It is ironic that the previous comments have forgotten one of the very best sources. Search the web, especially sites devoted to that make and/or model.
I was very interested in a boat not too far from here and by using the Internet, learned that there was post compression, deck leaks, that the new engine didn't match the propeller, and that the sails were NDG. The seller knew all this but did not disclose it to the broker or to me -- at least that is what the broker said. So, apparently the plan was for me to negotiate an offer as if the boat was as advertised, spend several hundred dollars to discover the truth -- best case -- and then try to negotiate a more reasonable price.

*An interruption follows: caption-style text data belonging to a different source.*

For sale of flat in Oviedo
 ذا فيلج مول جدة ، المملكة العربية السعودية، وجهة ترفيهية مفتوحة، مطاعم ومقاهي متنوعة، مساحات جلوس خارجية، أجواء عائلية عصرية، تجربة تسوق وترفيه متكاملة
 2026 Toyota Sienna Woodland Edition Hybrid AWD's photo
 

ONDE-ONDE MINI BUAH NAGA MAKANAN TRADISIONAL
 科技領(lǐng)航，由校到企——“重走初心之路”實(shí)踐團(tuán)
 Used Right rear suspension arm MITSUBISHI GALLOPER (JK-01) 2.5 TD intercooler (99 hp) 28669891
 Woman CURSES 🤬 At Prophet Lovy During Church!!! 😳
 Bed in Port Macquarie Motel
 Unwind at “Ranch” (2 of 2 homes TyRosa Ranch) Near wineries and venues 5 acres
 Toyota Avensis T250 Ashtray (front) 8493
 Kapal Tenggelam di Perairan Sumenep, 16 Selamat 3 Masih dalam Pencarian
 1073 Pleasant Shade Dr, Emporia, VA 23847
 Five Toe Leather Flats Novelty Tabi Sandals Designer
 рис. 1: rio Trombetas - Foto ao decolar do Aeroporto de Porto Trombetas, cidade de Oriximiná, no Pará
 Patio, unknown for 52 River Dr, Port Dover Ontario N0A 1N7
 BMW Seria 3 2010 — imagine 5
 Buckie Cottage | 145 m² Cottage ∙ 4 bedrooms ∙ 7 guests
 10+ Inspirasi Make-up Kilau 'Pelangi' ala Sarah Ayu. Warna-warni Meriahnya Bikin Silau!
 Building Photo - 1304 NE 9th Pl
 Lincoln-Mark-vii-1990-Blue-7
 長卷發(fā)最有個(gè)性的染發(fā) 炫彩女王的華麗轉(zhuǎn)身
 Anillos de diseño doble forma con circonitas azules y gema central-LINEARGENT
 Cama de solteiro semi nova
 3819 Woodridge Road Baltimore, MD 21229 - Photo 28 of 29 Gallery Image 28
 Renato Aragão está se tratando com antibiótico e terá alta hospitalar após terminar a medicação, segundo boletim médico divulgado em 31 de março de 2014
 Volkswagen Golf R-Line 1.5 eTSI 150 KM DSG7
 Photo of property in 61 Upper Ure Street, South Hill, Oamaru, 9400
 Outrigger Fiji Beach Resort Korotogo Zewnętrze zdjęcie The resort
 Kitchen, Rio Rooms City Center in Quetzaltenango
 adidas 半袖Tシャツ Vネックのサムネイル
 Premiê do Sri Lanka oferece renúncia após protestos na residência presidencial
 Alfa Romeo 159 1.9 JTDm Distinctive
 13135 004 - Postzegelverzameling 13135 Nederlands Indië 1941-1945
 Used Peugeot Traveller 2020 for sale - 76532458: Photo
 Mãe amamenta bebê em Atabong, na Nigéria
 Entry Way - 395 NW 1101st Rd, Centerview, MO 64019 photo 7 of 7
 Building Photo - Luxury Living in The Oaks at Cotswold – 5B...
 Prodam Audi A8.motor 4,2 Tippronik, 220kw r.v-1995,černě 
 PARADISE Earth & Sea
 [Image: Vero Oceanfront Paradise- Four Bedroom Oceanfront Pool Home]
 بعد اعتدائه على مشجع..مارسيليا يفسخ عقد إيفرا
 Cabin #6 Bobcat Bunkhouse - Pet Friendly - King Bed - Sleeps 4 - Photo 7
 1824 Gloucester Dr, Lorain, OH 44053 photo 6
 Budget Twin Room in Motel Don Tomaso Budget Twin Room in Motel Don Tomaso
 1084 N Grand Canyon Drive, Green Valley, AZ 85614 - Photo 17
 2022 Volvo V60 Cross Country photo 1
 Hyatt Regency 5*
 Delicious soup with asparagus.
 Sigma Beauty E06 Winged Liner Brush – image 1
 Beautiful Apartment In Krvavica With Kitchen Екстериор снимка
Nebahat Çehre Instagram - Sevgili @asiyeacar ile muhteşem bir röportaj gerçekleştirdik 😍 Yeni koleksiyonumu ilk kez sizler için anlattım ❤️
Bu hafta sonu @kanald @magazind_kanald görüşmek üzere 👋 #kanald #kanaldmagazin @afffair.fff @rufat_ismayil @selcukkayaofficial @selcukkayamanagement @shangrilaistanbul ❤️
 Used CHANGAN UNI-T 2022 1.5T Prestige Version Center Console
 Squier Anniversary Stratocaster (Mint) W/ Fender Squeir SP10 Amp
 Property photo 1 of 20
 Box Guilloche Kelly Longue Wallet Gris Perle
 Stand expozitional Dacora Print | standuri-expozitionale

I have two rules of thumb when buying used cars -- that I do a lot-- and I think that they apply. The first is that the seller is the most important variable. If you can believe in the seller (previous owner), then 90% of your problems disappear. Second, no one sells a vehicle that they are perfectly satisfied with. That would be ridiculous. If you can identify the straw that broke the camel's back, then you can make a very reasonable purchase. If you can't, then it is still important to rely on your assessment of the seller. Sometimes, it was the last repair they had to pay for -- that is terrific.
In my case, I was able to force the seller to divulge more of what they knew, including sharing the previous survey. I did not buy the boat, but it was purely a difference of opinion about reasonable price.
There are many protections in CA for home buyers, especially regarding disclosure of known problems. There ought to be something similar for boats and cars -- in my opinion. At a minimum, do Internet due diligence and see what you can find.